## Prompt
The finished copy should hold every entry exactly as given, and no pictures.

[Crawled caption data]
....
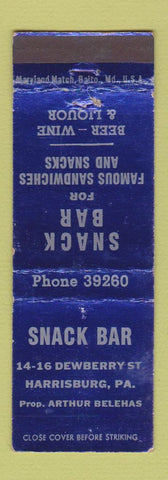 Matchbook Cover - Snack Bar Harrisburg PA WEAR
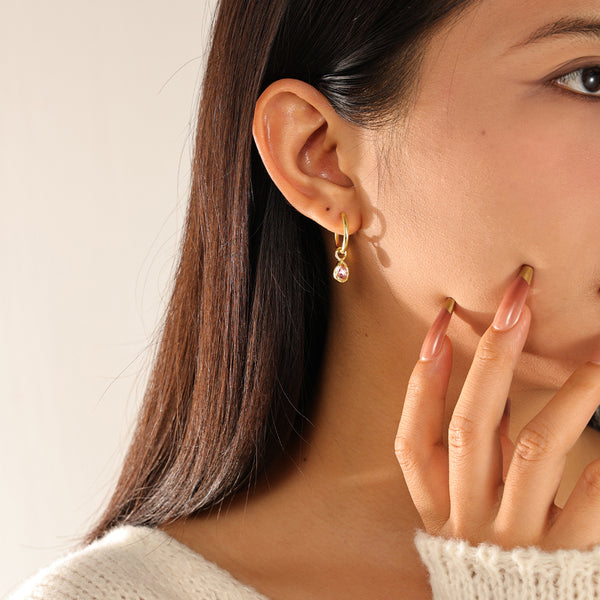 VFD0125 Pink Teardrop Cubic Zirconia Charm Pendant For Earring Making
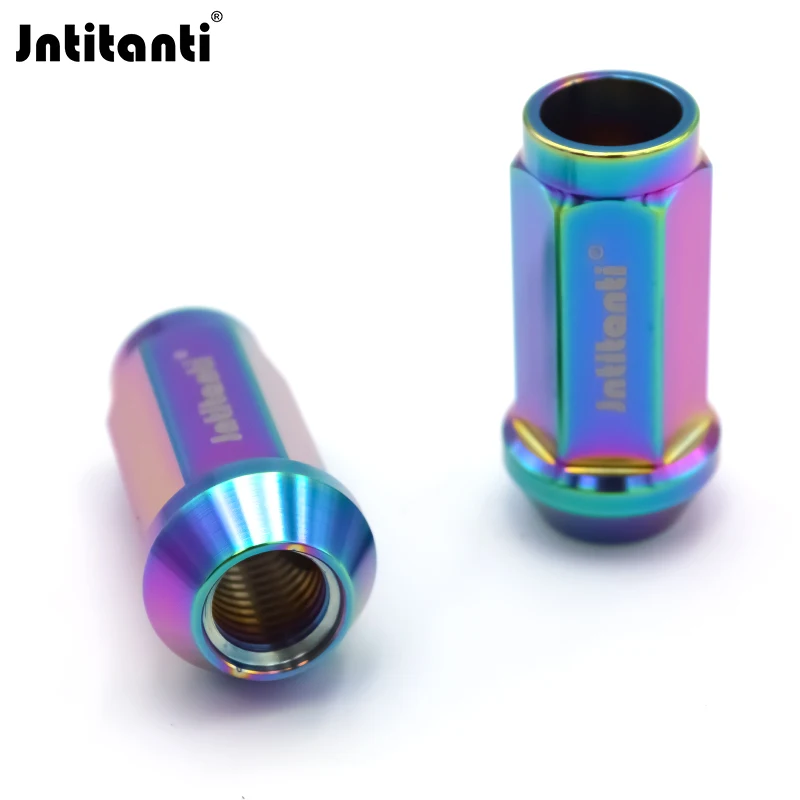 Jntitanti Lug nutM14*1.5*35/45mm Gr.5 titanium lug nut  cone seat racing parts open ended wheel nut for Tesla VW AUDI racing car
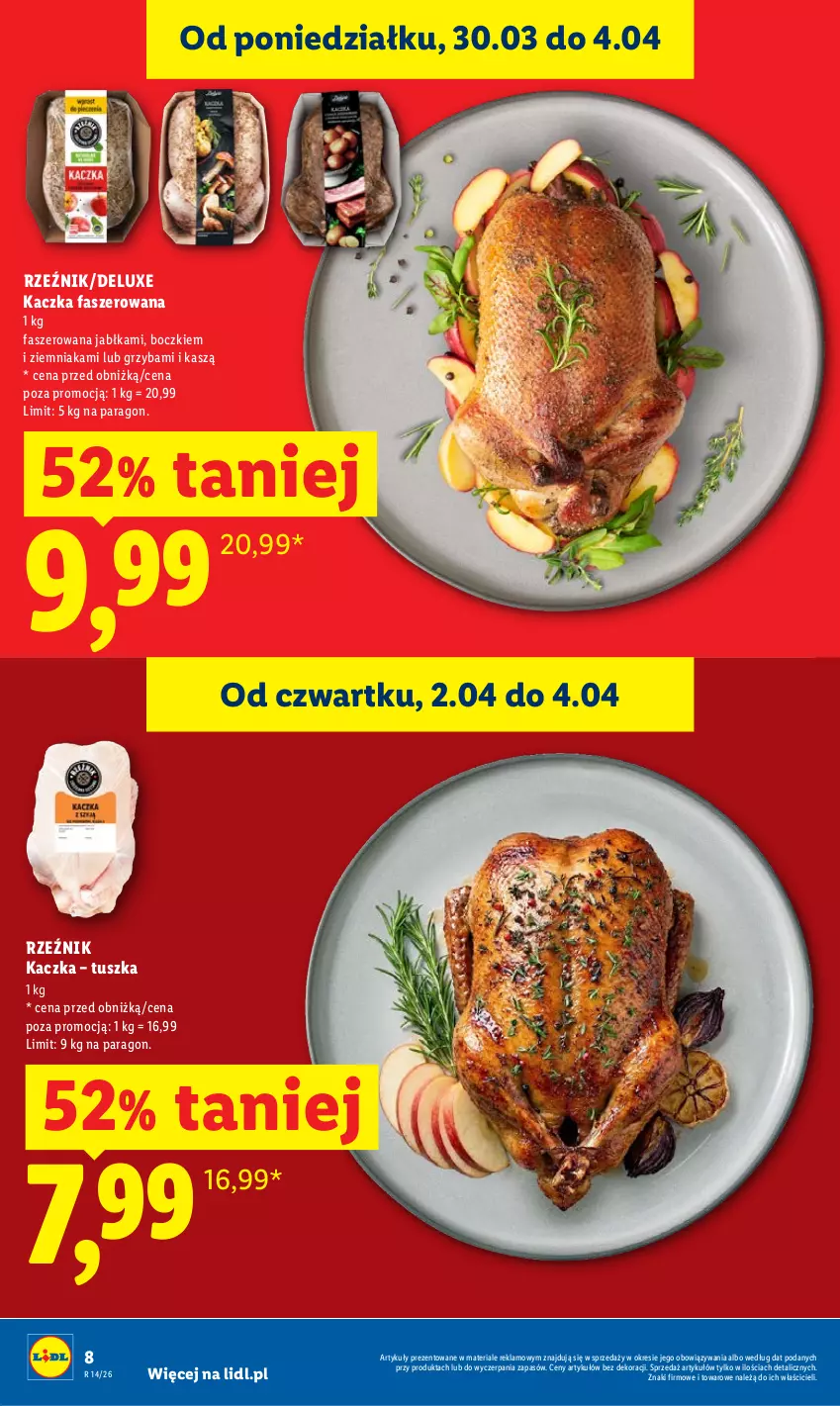 Gazetka promocyjna Lidl - Gazetka ważna od 2.04 do 4.04 - ważna 02.04 do 04.04.2026 - strona 8 - produkty: Fa, Jabłka, Kaczka, Kaczka faszerowana, Tusz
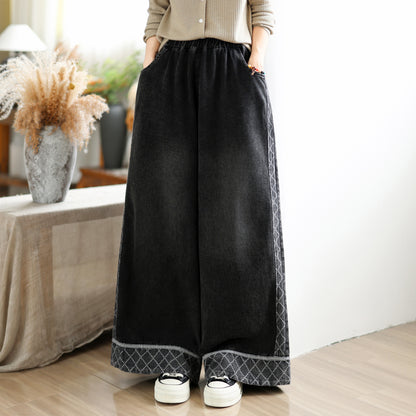 28666-Vintage Denim Wide Leg Palazzo Pants with Elastic Waist & Pockets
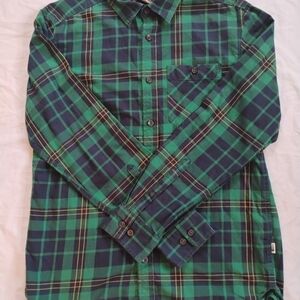 The North Face Men's M Long Sleeve Green Plaid Button Down Shirt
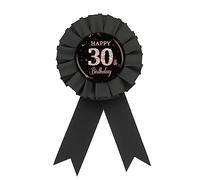 Black Happy 30th Birthday Tinplate Badge Pin, Black Rosette It's My 30th Birthday Button, Diamond 30th Birthday Award Badge Pin, Thirty Years Old Birthday Party Decorations, Rose Gold Gemstone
....
## The answer
 Matchbook Cover - Snack Bar Harrisburg PA WEAR
 VFD0125 Pink Teardrop Cubic Zirconia Charm Pendant For Earring Making
 Jntitanti Lug nutM14*1.5*35/45mm Gr.5 titanium lug nut  cone seat racing parts open ended wheel nut for Tesla VW AUDI racing car
 Gazetka promocyjna Lidl - Gazetka ważna od 2.04 do 4.04 - ważna 02.04 do 04.04.2026 - strona 8 - produkty: Fa, Jabłka, Kaczka, Kaczka faszerowana, Tusz
 28666-Vintage Denim Wide Leg Palazzo Pants with Elastic Waist & Pockets
 The North Face Men's M Long Sleeve Green Plaid Button Down Shirt
 Black Happy 30th Birthday Tinplate Badge Pin, Black Rosette It's My 30th Birthday Button, Diamond 30th Birthday Award Badge Pin, Thirty Years Old Birthday Party Decorations, Rose Gold Gemstone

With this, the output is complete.